En outre, « à l’ère du capital financier, les monopoles d’État et privés s’entremêlent et ne sont que des maillons de la chaîne de la lutte impérialiste entre les plus grands monopoles pour le partage du monde »9. La synergie entre le public et le privé est présente depuis les origines de la phase impérialiste, lorsque le développement monopolistique s’est souvent engagé sous l’égide de l’investissement public et du protectionnisme étatique : condition nécessaire pour empêcher qu’il ne soit étouffé par l’ingérence des monopoles extérieurs (voir le cas du développement monopolistique du secteur sidérurgique après l’unification de l’Italie). Cette synergie s’est ensuite développée avec l’expansion des dépenses publiques, qui ont depuis longtemps dépassé 50 % du PIB dans les formations avancées. Les groupes monopolistiques en ont particulièrement profité sous différentes formes : des intérêts dus à la financiarisation de la dette publique, aux commandes (civiles et militaires), aux défiscalisations, aux financements à fonds perdus et aux diverses incitations.

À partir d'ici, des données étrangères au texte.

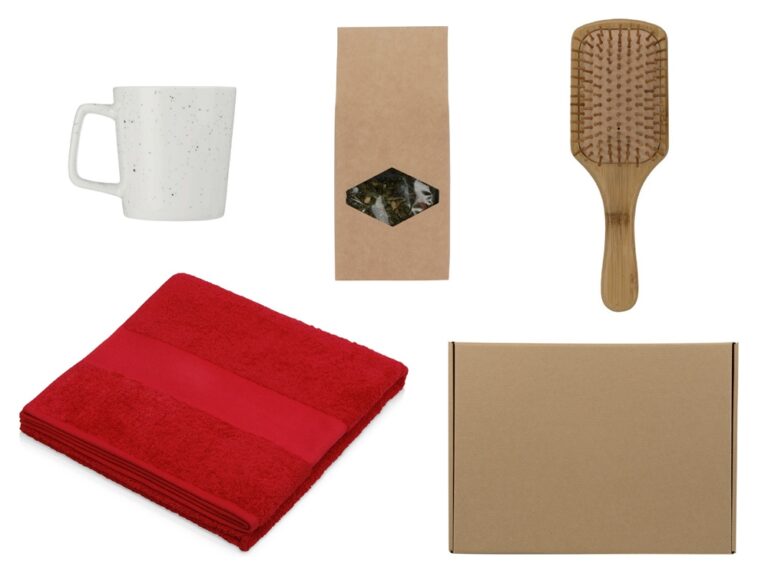 Подарочный набор для ванны с полотенцем, расческой и кружкой 3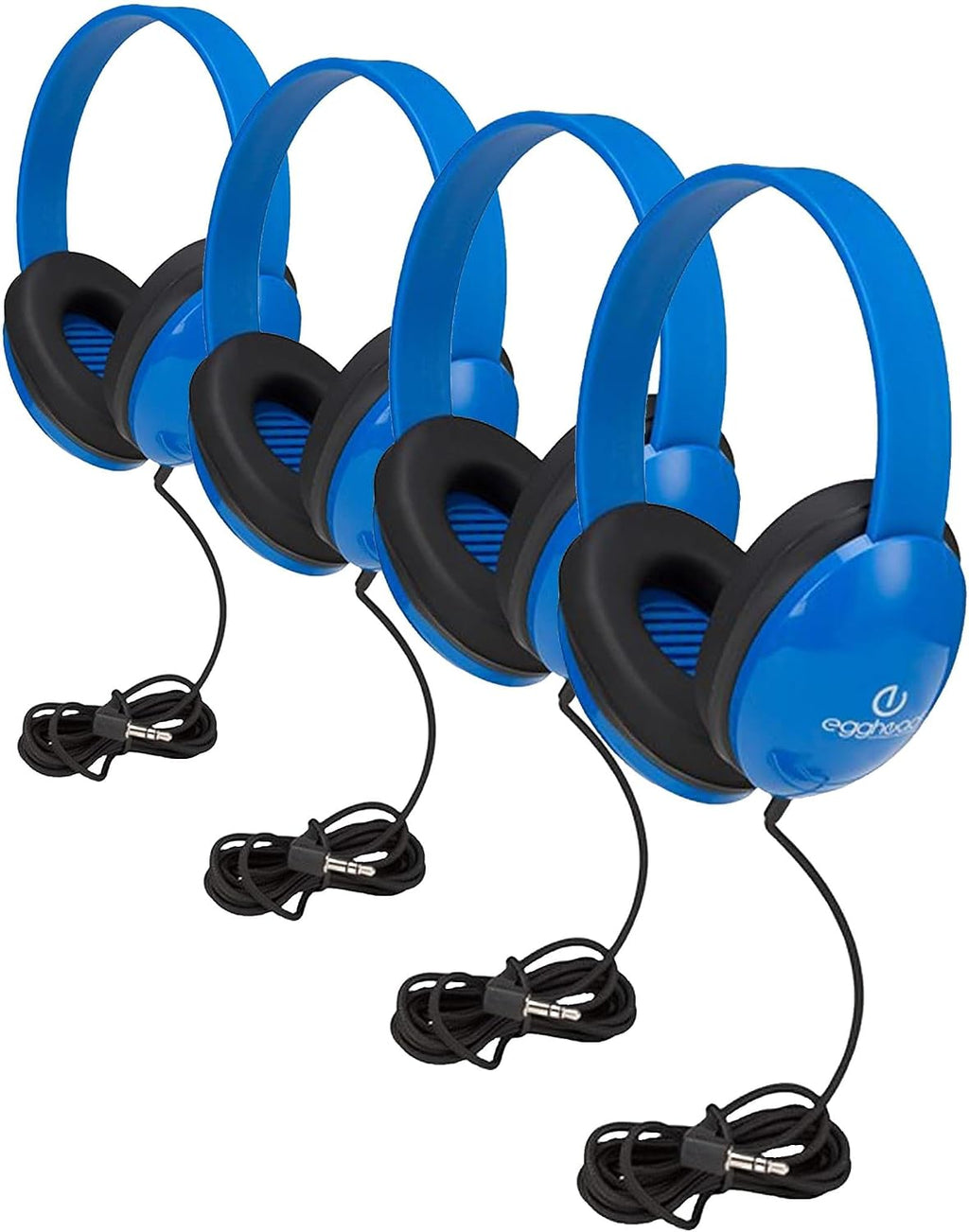 Egghead Heavy-Duty Kids' Headphones with Padded Ear Cups and 6' Cord, Adjustable Tangle-Free Plastic Classroom Headphones for Kids, Blue (Pack of 40)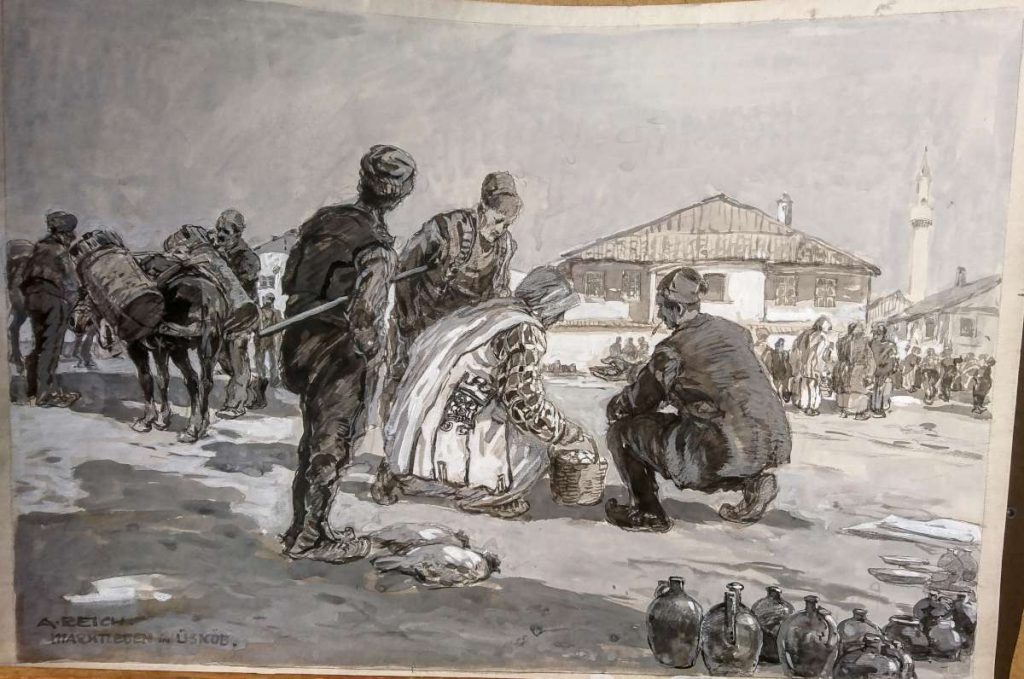 Пазарен ден во Скопје, 1917, гваж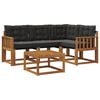 vidaXL Outdoor-Sofagarnitur mit Kissen 5 pcs Nat&uuml;rlich und Schwarz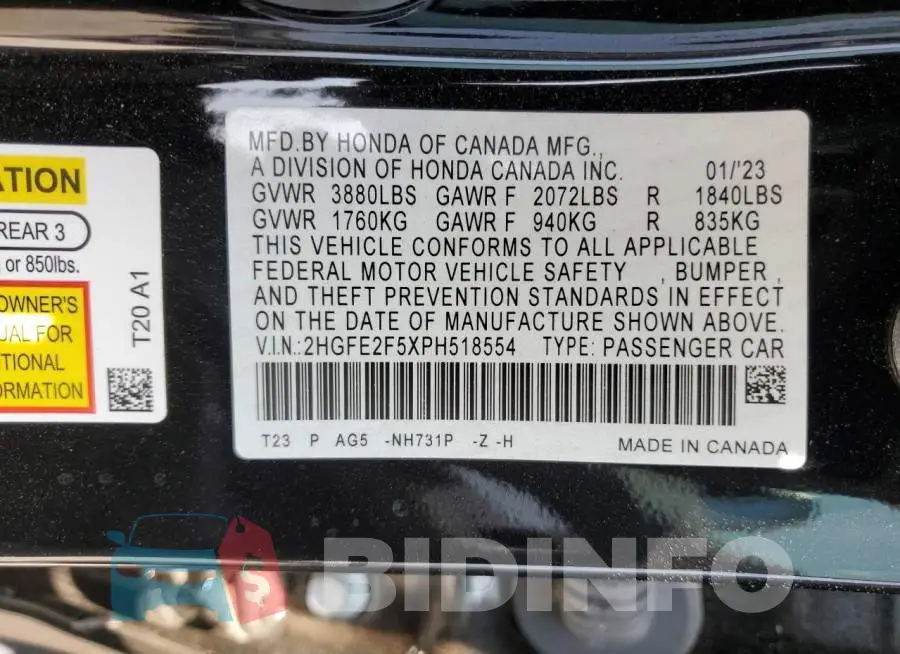 2HGFE2F5XPH518554 Photo# 12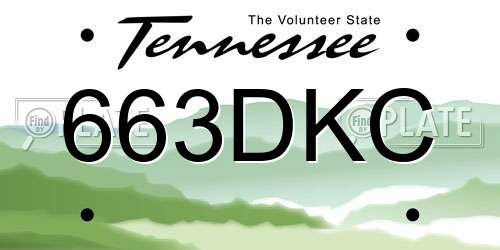 663DKC Tennessee License Plate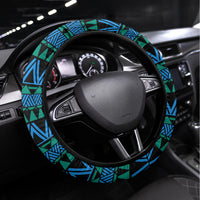 FSM Kosrae State Steering Wheel Cover Tribal Pattern Ocean Version LT01 Universal Fit Blue - Polynesian Pride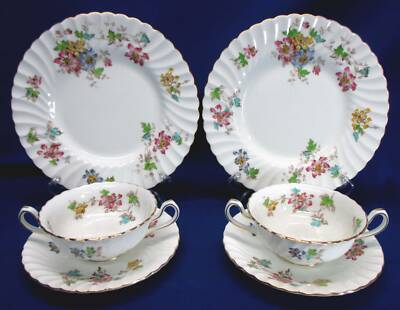 MINTON VERMONT PATTERN 2 9''LUNCHEON PLATES 2 CREAM SOUPS & UNDERPLATES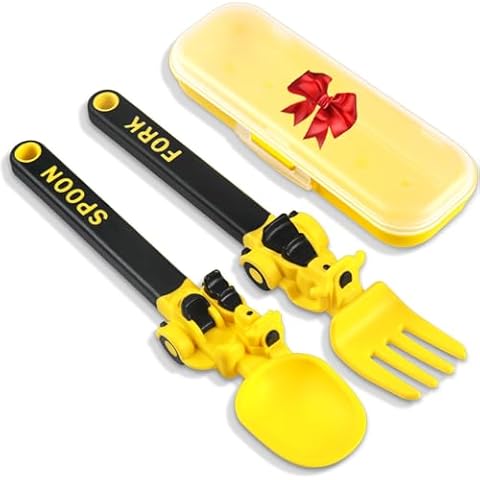 Construction Utensils for Toddlers - Toddler Forks and Spoons - Toddler Spoon and Fork Set - for Kids Utensils - Baby Utensils - Portable Utensil Set for 1 2 3 4 5 years old - Yellow Cover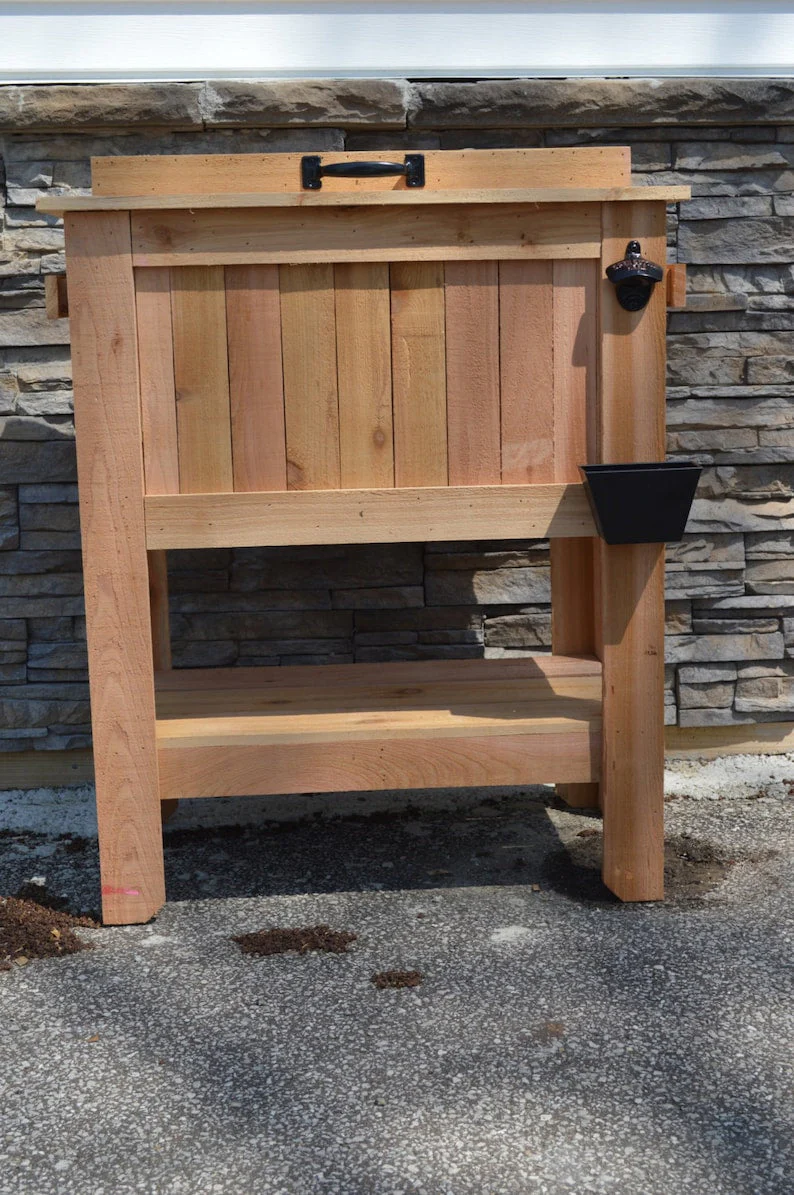 2025 All Weather 48 Quart Antiqued Cedar Cooler Stand with Brass Drain, Bottle Opener and Cap Catcher, Beer Cooler.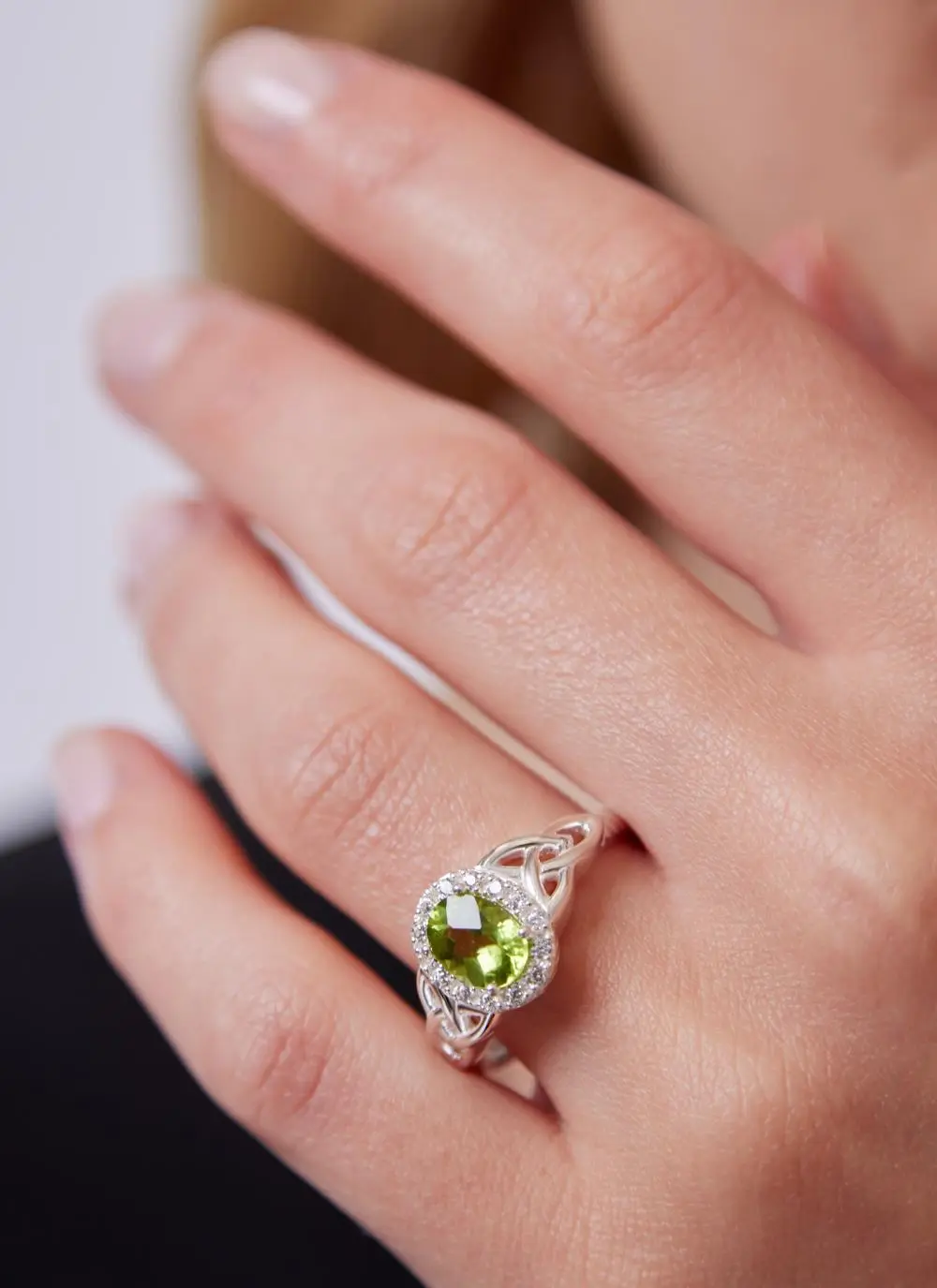 Sterling Silver Trinity Knot Halo Ring with Peridot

La phase impérialiste est un cadre dans lequel, parallèlement au développement du capital financier en tant que section dominante et à la constitution d’entreprises multinationales, se dessine la tendance à l’internationalisation de la forme étatique ; un développement superstructurel qui se concrétise dans des domaines et des accords supranationaux (ONU, FMI, BM, OMC, ALENA, ASEAN, G7, G20, BRICS, Quad, ainsi que l’OTAN, la CEI, l’AUKUS, etc.) et dans la projection internationale des États individuels à travers des politiques de puissance visant à définir, élargir et consolider leur sphère d’influence10.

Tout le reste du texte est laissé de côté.